Furthermore, we illustrate our algorithm under several choices of $\alpha$ and two different choices of $\beta$ as a scalar multiple of $\alpha$ in Equation (1). Similarly, we vary the one hyperparameter in Scaled Plackett-Luce that multiplies the relevance scores by a constant before sampling from the Plackett-Luce distribution. See the Appendix in Section B for the specific choices of hyperparameters for PL-ICFW and Scaled PL for both experiments.

5.1.4. Evaluation Metrics

We measure performance by looking at the relationship between item-side inequality of exposure and content quality of items recommended to users. We make the normative assumption that viewed recommendations being concentrated to a small number of users is inherently unfair. Therefore, we evaluate system-level inequality by evaluating what percent of viewed recommendations belongs to the top 1% of users. We refer to this metric as “T1PS.” This metric for measuring system-level inequality has been recently proposed in (Lazovich et al., 2021) and has been used in the empirical work in (Zhu and Lerman, 2016) for measuring inequality on social media. This metric is related to the Gini coefficient, which has also recently been used to measure inequality in recommender systems (Do and Usunier, 2022; Do et al., 2021). We opt to use T1PS since it is more interpretable than the Gini coefficient. We call the performance of the ranking algorithm on the users receiving recommendations the “content quality.” We measure content quality by the sum of the ground truth relevance scores of items that have been recommended and viewed by users divided by the number of users $m$ . Note that a candidate’s ground truth score may contribute to content quality multiple times if that candidate was viewed by multiple users. To be clear, for the German credit experiments, the ground truth relevance score of a candidate is its ground truth binary label. For the synthetic experiments, the relevance score is a continuous number, not a binary label.

5.2. Synthetic Data

5.2.1. Set-up

In our synthetic data set-up, there are $n=2000$ users and $m=1000$ unique candidates. The candidate set size is $k=40$ , and each user views the first $\ell=10$ candidates they are recommended. For each candidate $i$ with candidate score $c_{i}$ , we assign a ground truth relevance score of $r_{i}:=\max\{0,5-c_{i}+x_{i}\}$ where $x_{i}\sim N(0,1)$ .

5.2.2. Results

See Figure 3 for the performance of all the algorithms on the synthetic data set. There are several behaviors in this plot we would expect. First, our algorithm smoothly interpolates between Inverse Weighted and Deterministic. Second, we see the expected behavior that Scaled Plackett-Luce can smoothly interpolate between Randomized and Deterministic. Third, as expected due to our simulation set-up, we see that the Randomized scenario results in the most unequal outcome for producer-side exposure: more than 20% of viewed recommendations are attributed to the top 1% of recommended items. Fourth, the Deterministic ranking has the highest content quality as expected since by definition it recommends items with the highest relevance scores.

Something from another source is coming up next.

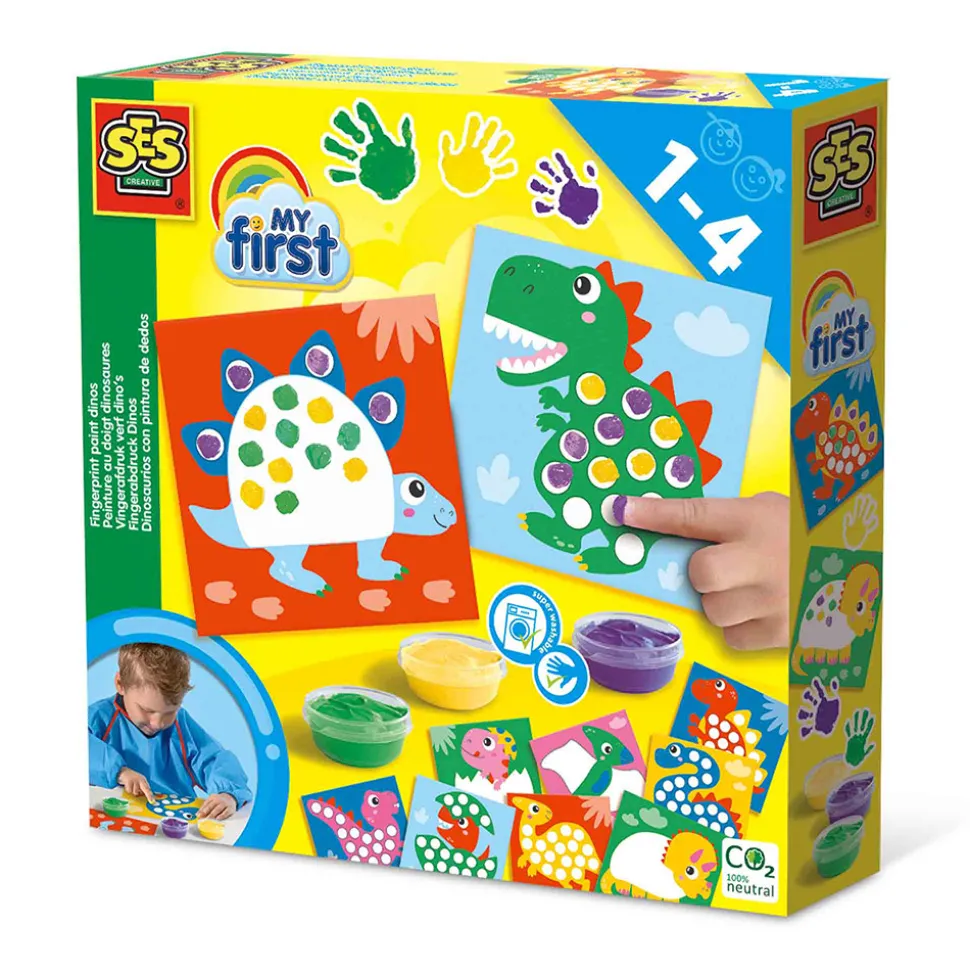 Min første - Fingermaling dinosaurer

Interestingly, for the range of hyperparameter choices for Scaled PL¹¹1Recall this hyperparameter is a constant factor such that each score is multiplied by it before sampling from the Plackett-Luce model., while content quality monotonically decreases as the hyperparameter decreases, T1PS initially decreases but then gravely increases again, far beyond Deterministic. On the other hand, for our approach when $\beta=\alpha$ , while T1PS almost monotonically decreases as $\alpha$ gets smaller, content quality does not and actually increases as $\alpha\rightarrow 0$ . We see that for relatively large hyperparameter choices that result in the sampled rankings being close to the Deterministic ranking, both our PL-ICFW method and Scaled PL behave similarly. However, the two methods diverge with relatively small hyperparameter choices, and $\beta=\alpha$ by far outperforms $\beta=.35\alpha$ . Our PL-ICFW method under both choices of $\beta$ significantly outperforms Scaled PL since there are several instances where PL-ICFW has the same or better content quality and the same or better T1PS. The minimum T1PS that Scaled PL can achieve is 6% whereas our approach achieves 2%. We do not expect to achieve the perfect case of T1PS being 1% since in general it is impossible to achieve equality of exposure among all producers. See Section A in the Appendix.

5.3. German Credit Data

5.3.1. Set-up

The German credit data set contains 1000 individuals seeking a loan from a bank. Each are labeled as good or bad credit risk and have features relating to demographic information as well as employment, education, credit history, and so on (Dua and Graff, 2017). We follow the pre-processing steps of Singh. et. al.²²2Using the notebook here: https://github.com/ashudeep/Fair-PGRank/blob/master/GermanCredit/ to allow for comparison with the PG-Rank work (Singh and Joachims, 2019). Nine features from the dataset are used as inputs to a linear model: age, sex, amount and duration of credit history, job and housing status, savings and checking account balances, and purpose of the loan. The numerical features age, credit amount, and credit duration are all shifted and scaled to a standard normal distribution. The remaining categorical features are encoded as one-hot vectors. Ultimately, this leads to a 29-dimensional input to the linear model.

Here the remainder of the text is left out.